Eis nos, por conseguinte, ante um eloquente projecto de Sociedade elaborado desde milenários, pleno dos dados da vida e da história dos Homens, cuja a solidez nada tem a cobiçar e invejar a nenhum outro e cuja a nobreza reside no lugar primordial acordado, não ao indivíduo (em si), mas, sim, efectivamente, ao Homem, em toda a sua dimensão e grandeza humana, seguramente.

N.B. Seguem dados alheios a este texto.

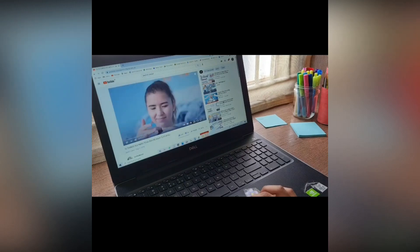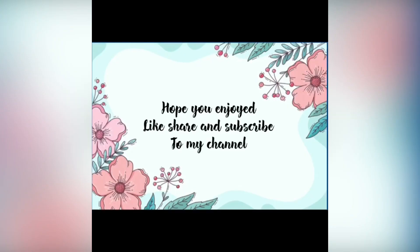So guys, that's all for today's video. Hope you enjoyed! Please don't forget to like, share, and subscribe to my channel. Bye!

Pode-se asseverar que a démarche Africana é humanista. Todavia, para garantir a sua felicidade e a do Outro, foi preciso, aliás, como, em toda a Sociedade Humana, edificar um sistema de controlo. Este último protege, no entanto, asfixia, simultaneamente. De feito, não há dúvida nenhuma, que o maior inimigo de todo empreendimento humano, por mais elaborado que seja, é o factor tempo. E, a despeito de tudo, as Sociedades Africanas não escapam à dinâmica interna desta elucidativa regra e que, por seu turno, a Solidariedade, por mais louvável que ela seja, não está imune de ser vítima da injustiça, fonte, aliás, de conflitos e susceptível, mesmo de conduzir à morte.

Lisboa, 21 Julho 2010
KWAME KONDÉ
(Intelectual/Internacionalista --- Cidadão do Mundo).